Rational and Background

In recent years, P-20 education (pre-kindergarten through graduate education) has strived to serve students with disabilities more effectively. Information in Table 1 shows individuals with disabilities who are served by K-12 (kindergarten through secondary school) schools while information in Table 2 shows the relative distribution of students with disabilities in colleges and universities. In 2011–2012, K-12 schools enrolled 6,401,000 students with disabilities, while in 2013, higher education institutions enrolled 2,417,400 students who identified as having a disability.

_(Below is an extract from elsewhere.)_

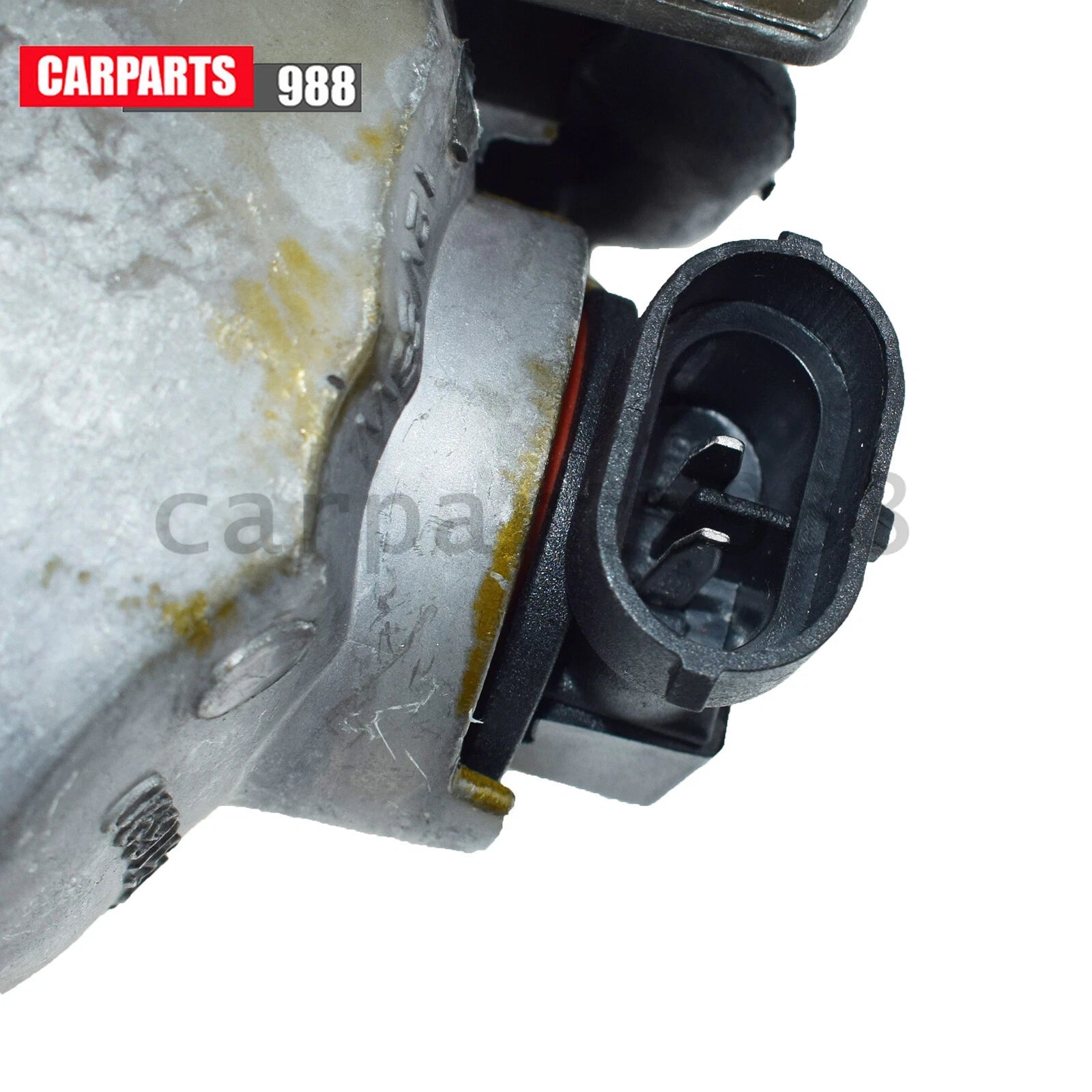Front Left Fog Light Fog Lamp for Mazda 3 1.6L 2003 2004 2005-2010 BS1C-51-690 6B93BC-57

Table 1 Children 3 to 21 years old served under the Individuals with Disabilities Education Act, part B, by type of disability: school year 2011–2012
Table 2 Major field of study of undergraduates, by disability status: 2012

Several statutes and standards require learning objects to be accessible to students with disabilities. These include the Individuals with Disabilities Education Act. 20 U.S.C. § 1400 et seq. (1990, amended 2004) the Rehabilitation Act (1973), the Americans with Disabilities Act (1990), and the World Wide Web Consortium’s Web Content Accessibility Guidelines (2008). Accessible learning, while often presented as an issue for distance education, is also a barrier for students with disabilities in face-to-face classes. In fact, distance education solutions hold some promise for helping students with disabilities enrolled in traditional face-to-face courses. Technologies used in distance learning courses can also assist non-native speakers struggling with the accessibility of information in coursework. To make online coursework accessible to students with disabilities, colleges and universities provide captioning services, which transcribe text from audio and video files to ensure that those with auditory disabilities access and learn content in courses. Moreover, figures, graphs, and other visual documents are tagged with explanations to ensure that those with auditory of visual impairments know the title and purpose of these images. The transcription of lectures for accessibility of disabled students in online courses could also benefit disabled students enrolled in face-to-face courses. However, transcription is a very labor-intensive and costly endeavor, and it poses an even greater challenge for disabled students participating in traditional face-to-face coursework, where new content is disseminated in lectures, labs, and discussion groups multiple times per week.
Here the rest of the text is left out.